**SUPPLIED RECORDS:**

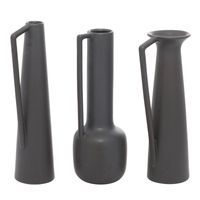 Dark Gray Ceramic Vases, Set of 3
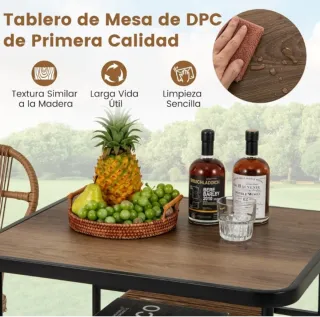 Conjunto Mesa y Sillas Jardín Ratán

==

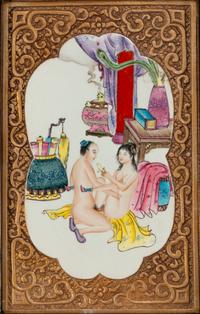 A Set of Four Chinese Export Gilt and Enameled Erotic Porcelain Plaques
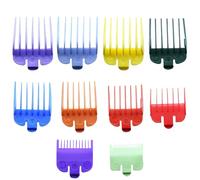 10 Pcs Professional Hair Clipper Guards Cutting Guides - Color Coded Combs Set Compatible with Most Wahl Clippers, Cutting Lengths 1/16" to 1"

**TASK PROMPT:** Look above for the line with "A Set of Four"; quote it and every line after it, stopping after the line with "10 Pcs Professional", exactly, with nothing added and without pictures.

**ANSWER SPACE:**
 A Set of Four Chinese Export Gilt and Enameled Erotic Porcelain Plaques
 10 Pcs Professional Hair Clipper Guards Cutting Guides - Color Coded Combs Set Compatible with Most Wahl Clippers, Cutting Lengths 1/16" to 1"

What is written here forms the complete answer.